There may be more flexibility in that Pakistan could talk to Denel Dynamics in South Africa, which does have experience integrating its Umkhonto with the Thales SMART-S radar (and should not have problems with Saab if Pakistan were to acquire a Giraffe radar). Ideally, the Umkhonto-EIR – with a range of 25-35km – would be available in time for Pakistan to use on the MILGEM (ideally MILGEM-G) and other ships.
One might have noticed a major underlying point in the article – the MILGEM is not the most cost-flexible system. Fortunately, the climb from the current Ada-class to the VLS-equipped MILGEM-G is relatively marginal, so the added cost of getting a ship better suited for AAW is not significant (cannot necessarily say the same about the ship in general).
This is going to be a significant investment for the Navy, and it could truly impact its acquisition route moving forward. Like any other complex system, there is an investment required in raising the base to operate the corvette; training personnel, sourcing and/or producing parts, domestic maintenance, repair and overhaul (MRO) capacity, etc. In fact, these vessels will likely be built in Pakistan, hence there is also an industrial input to be accounted for as well.
Thinking back to the article about Pakistan’s potential frigate options, the acquisition of the MILGEM (or MILGEM-G) would likely close any other frigate outcome. Pakistan’s limited fiscal capacity and the costs involved in committing to a comparatively costly platform means that Pakistan will likely (and would be advised to) stick with the MILGEM platform for its mainstay needs.

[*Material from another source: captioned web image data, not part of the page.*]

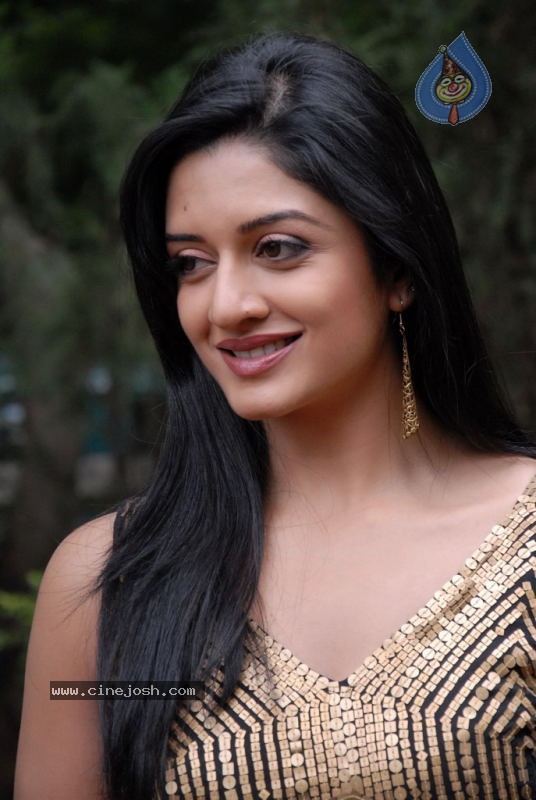 Vimala Raman Stills - 10 / 36 photos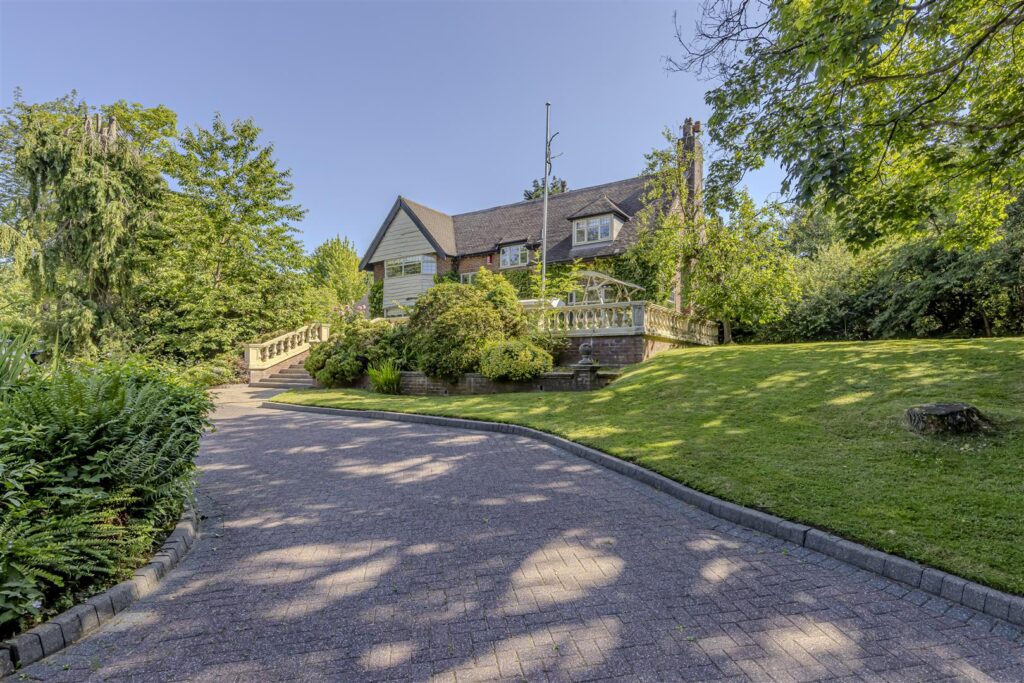 Honeysuckle Lane, Longsdon, Staffordshire, ST9 9QN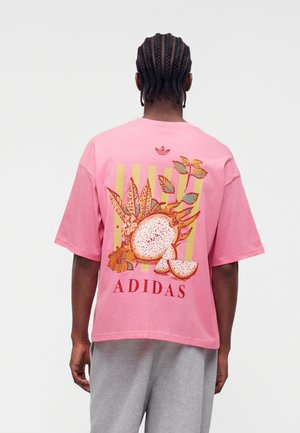 adidas Originals, NEW STRIPE GRAPHIC TEE UNISEX - T-Shirt print - bliss pink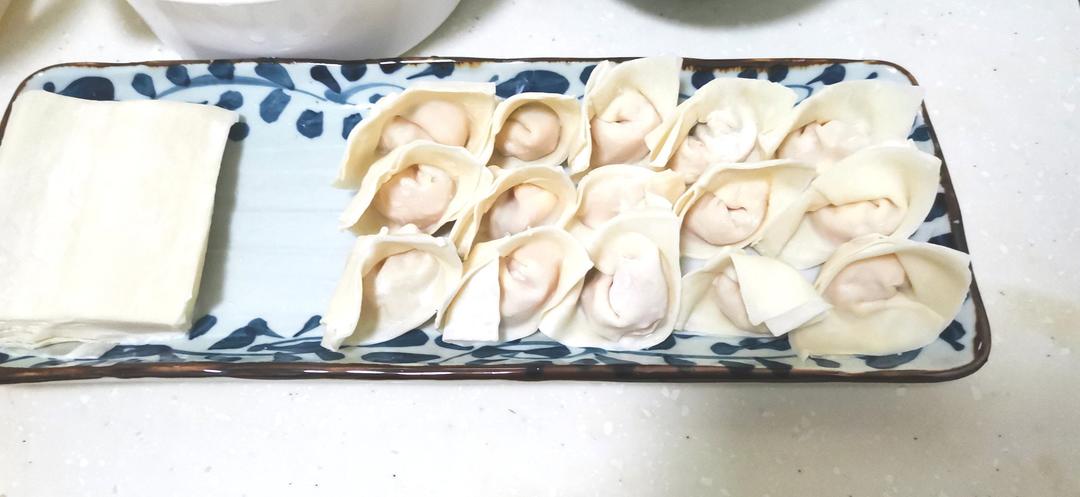 低脂鸡肉虾仁馄饨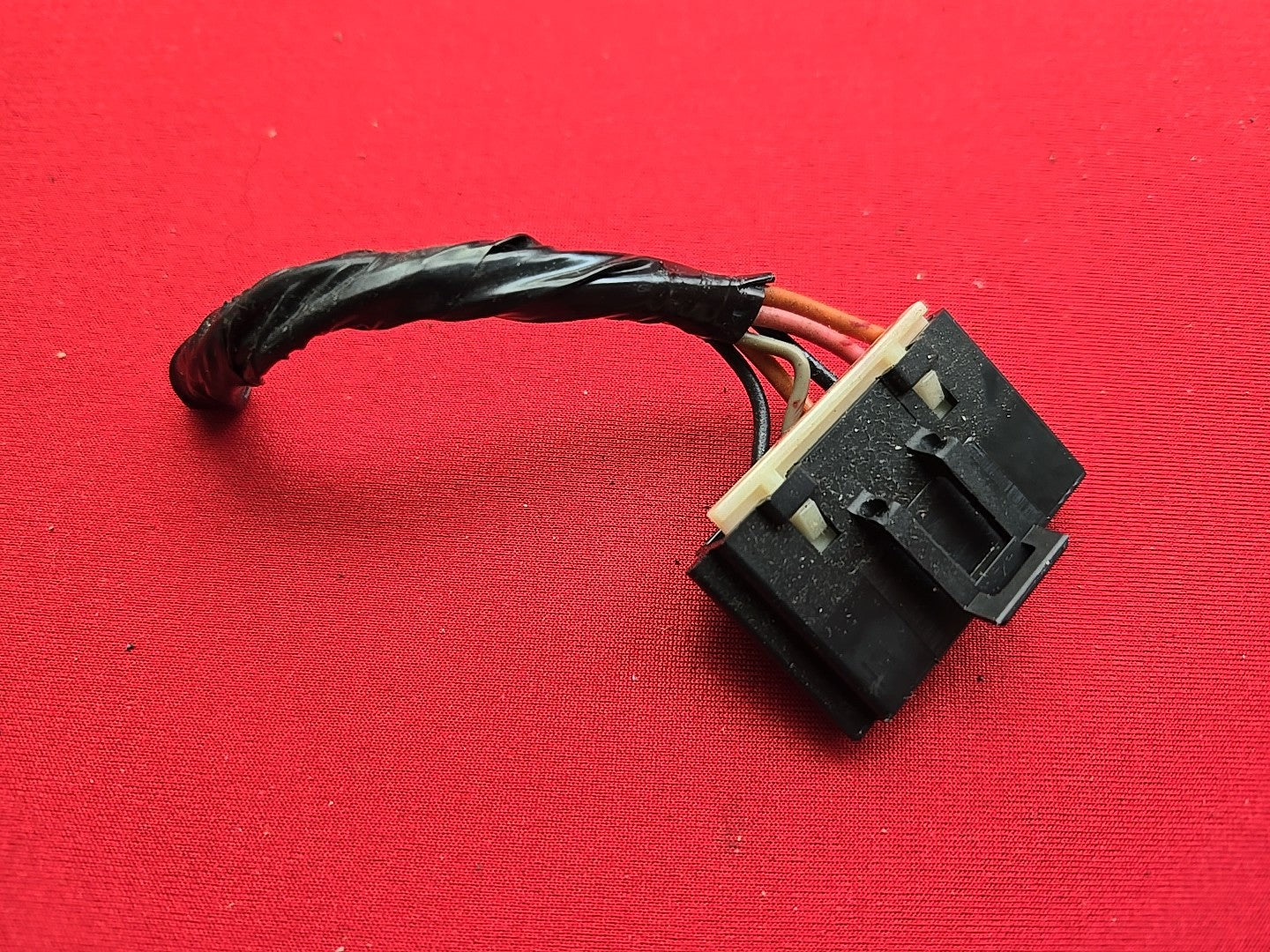 1995-1999 Oldsmobile Aurora Boot Deck Trunk / Fuel Door Release Switch - PIGTAIL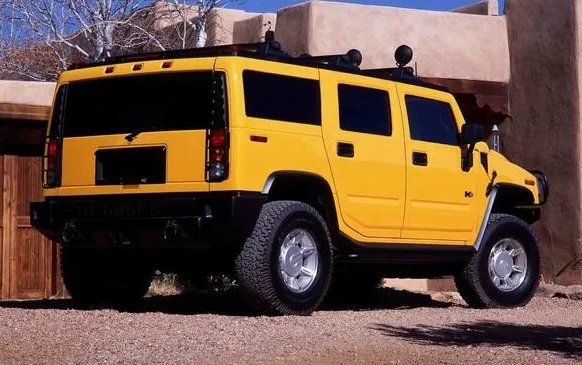 擎天柱原型卡车发动机缸数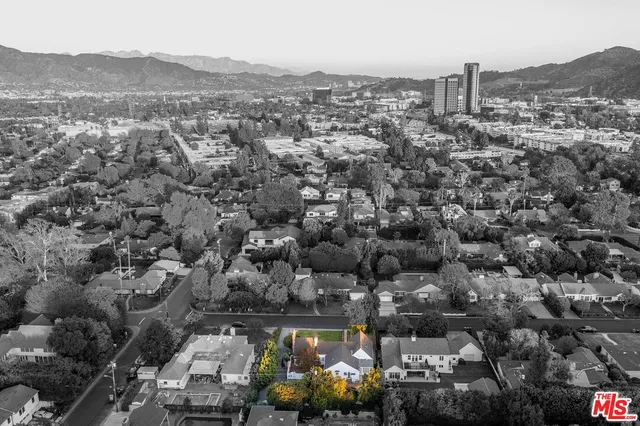 $12,000 | 4649 Sancola Avenue, Toluca Lake, CA 91602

Part-three will offer a comparative analysis of the MILGEM to other potential options, but to emphasize a key point should Pakistan decide to choose the MILGEM – Pakistan will stick with the MILGEM. While a sufficiently capable design, its value as a multi-mission combatant will depend on the subsystems Pakistan succeeds in sourcing. The better the radars, sensors, combat management systems, and weapon systems, the superior the overall system. For Pakistan, intricately learning about the MILGEM design, and in time, becoming capable of integrating diverse electronics and weapons suites will be vital, so as to draw the full value of the acquisition.